Figure 2.Overlap between short- and long-lived life-span quartiles. In each plot, open circles (○) represent mice associated with the shortest-lived quartile, whereas plus signs (+) represent mice associated with the longest-lived quartile. A and B, Quartile relationships with respect to body weight and the CD8M T-cell subset at 8 and 18 months of age, respectively. C, All mice in the data set plotted with respect to two linear discriminant axes, which were derived from the 29 continuous predictor variables listed in Table 1. D, Mice plotted with respect to the first two principal components derived from the 29 continuous predictor variables.
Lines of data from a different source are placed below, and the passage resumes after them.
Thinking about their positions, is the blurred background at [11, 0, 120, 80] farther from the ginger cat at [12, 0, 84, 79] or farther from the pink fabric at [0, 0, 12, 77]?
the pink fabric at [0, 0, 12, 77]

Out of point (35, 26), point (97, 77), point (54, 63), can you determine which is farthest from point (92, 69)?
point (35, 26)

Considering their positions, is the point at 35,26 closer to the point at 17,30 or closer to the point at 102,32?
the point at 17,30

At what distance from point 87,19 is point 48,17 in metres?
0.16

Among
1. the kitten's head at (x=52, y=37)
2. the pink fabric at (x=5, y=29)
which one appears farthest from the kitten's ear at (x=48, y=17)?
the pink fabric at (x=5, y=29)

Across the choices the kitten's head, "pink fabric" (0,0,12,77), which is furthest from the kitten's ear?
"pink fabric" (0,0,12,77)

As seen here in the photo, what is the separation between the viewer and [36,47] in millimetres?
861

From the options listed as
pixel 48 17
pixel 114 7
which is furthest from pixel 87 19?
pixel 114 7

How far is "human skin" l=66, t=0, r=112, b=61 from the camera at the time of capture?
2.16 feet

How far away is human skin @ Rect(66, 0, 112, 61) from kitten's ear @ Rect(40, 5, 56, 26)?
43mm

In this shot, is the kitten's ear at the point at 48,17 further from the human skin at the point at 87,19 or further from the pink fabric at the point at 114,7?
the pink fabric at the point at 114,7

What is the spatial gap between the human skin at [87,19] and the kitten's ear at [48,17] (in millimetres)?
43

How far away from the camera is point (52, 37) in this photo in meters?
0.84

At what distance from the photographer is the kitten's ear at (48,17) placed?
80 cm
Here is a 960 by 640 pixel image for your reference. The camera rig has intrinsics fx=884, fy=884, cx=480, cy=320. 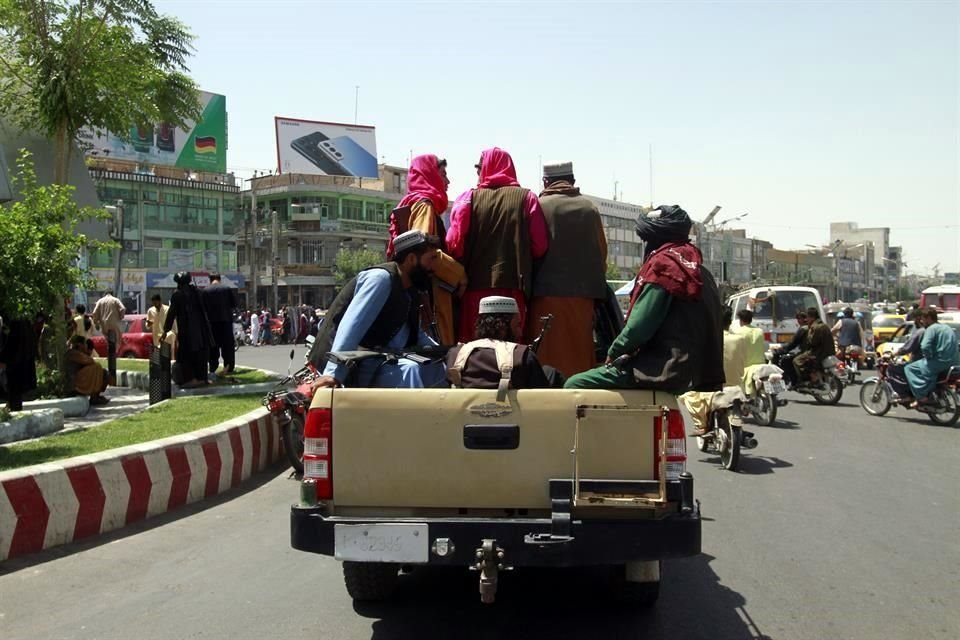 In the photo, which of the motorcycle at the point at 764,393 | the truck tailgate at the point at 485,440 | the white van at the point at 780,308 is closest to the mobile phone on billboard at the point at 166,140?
the white van at the point at 780,308

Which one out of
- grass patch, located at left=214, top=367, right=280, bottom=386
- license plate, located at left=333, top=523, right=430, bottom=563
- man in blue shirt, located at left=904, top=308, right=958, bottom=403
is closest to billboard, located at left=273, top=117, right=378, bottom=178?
grass patch, located at left=214, top=367, right=280, bottom=386

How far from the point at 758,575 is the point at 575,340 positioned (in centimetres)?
190

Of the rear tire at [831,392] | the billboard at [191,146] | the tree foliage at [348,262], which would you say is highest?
the billboard at [191,146]

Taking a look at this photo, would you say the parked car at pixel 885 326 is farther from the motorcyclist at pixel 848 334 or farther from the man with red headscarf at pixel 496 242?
the man with red headscarf at pixel 496 242

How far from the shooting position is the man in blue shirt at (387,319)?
475 centimetres

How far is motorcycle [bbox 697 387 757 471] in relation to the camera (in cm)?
948

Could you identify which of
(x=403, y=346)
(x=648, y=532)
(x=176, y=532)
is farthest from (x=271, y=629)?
(x=176, y=532)

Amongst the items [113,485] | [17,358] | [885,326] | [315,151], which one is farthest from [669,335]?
[315,151]

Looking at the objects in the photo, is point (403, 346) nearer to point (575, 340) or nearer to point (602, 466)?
point (575, 340)

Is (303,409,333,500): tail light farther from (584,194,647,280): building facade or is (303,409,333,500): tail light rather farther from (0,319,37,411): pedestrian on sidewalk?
(584,194,647,280): building facade

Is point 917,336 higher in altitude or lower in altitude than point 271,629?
higher

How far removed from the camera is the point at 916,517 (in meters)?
7.43

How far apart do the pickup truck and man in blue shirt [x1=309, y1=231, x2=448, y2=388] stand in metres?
0.60

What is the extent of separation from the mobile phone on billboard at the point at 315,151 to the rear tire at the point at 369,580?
53068 millimetres
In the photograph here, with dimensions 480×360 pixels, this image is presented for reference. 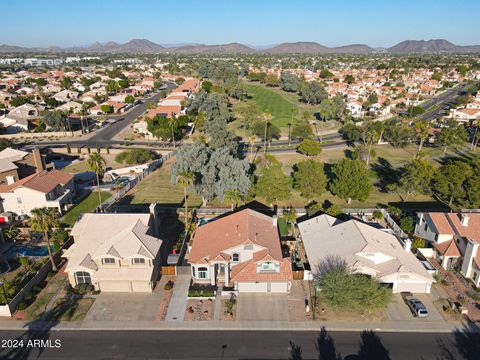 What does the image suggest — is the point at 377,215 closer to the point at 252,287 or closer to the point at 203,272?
the point at 252,287

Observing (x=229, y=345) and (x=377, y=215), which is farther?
(x=377, y=215)

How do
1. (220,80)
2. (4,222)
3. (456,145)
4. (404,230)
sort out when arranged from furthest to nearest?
(220,80), (456,145), (4,222), (404,230)

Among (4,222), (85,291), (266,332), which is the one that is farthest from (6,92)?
(266,332)

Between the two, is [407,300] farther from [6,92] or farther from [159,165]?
[6,92]

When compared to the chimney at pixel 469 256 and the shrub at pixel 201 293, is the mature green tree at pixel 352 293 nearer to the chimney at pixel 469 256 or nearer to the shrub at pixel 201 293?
the shrub at pixel 201 293

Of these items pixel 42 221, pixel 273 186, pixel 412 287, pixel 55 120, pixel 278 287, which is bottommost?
pixel 278 287

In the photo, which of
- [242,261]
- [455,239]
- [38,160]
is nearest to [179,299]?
[242,261]
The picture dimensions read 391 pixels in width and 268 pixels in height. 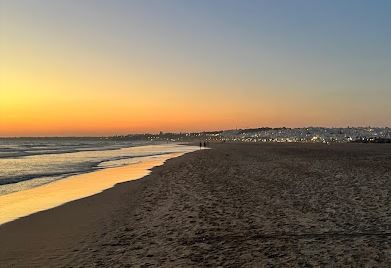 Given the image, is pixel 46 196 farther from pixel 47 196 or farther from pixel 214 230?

The two principal components account for 6.8% of the total variation among the 29 variables
Figure 3.Random Forest evaluation of variable importance. Variables listed near the top of the figure are most important for prediction of life-span quartile. The Random Forest algorithm constructs a “forest” of decision trees, where each tree generates predictions based on a randomly chosen set of predictor variables. Predictions are then generated by majority vote among all trees in the forest (33). For the 741 mice we considered, the algorithm generates forests using a bootstrap sample of approximately 500 mice; remaining mice are used as an internal testing set for accuracy evaluation. For a given predictor X, predictive accuracy is evaluated before and after permuting values of X among mice. The difference between the two obtained accuracies is then determined and used as a measure of variable importance. This procedure was repeated 10,000 times using forests of 2000 decision trees per trial. The figure shows the average accuracy change among all 10,000 trials
Figure 4.Variable subset evaluation. Prediction accuracy was evaluated for different variable subsets using the Nearest Shrunken Centroid algorithm. Variables were entered into the model according to their importance, as indicated by results shown in Figure 3. The first model included variables CD4V_18 and W10 as life-span predictors. The accuracy obtained using this model was evaluated by 10-fold cross-validation and 10,000 simulations. The average accuracy among all simulations is represented by the leftmost bar. Each subsequent bar from left to right indicates the accuracy obtained by adding the next most important variable to the model. The rightmost bar represents the mean accuracy obtained using the full model with all 31 predictor variables
Figure 5.Simulation results. The Nearest Shrunken Centroid (NSC) algorithm was implemented using five predictor variables (CD4M_8, CD4V_18, W8, W10, and W18). The plot shows the distribution of accuracies obtained on the testing set among 10,000 simulation trials. Solid line: Accuracy distribution obtained by a random guessing algorithm. Dotted line: Accuracy distribution obtained by the NSC algorithm. Solid vertical line: Mean accuracy among all trials for the random guessing algorithm (approximately 25%). Dotted vertical line: Mean accuracy among all trials for the NSC algorithm (35.3%)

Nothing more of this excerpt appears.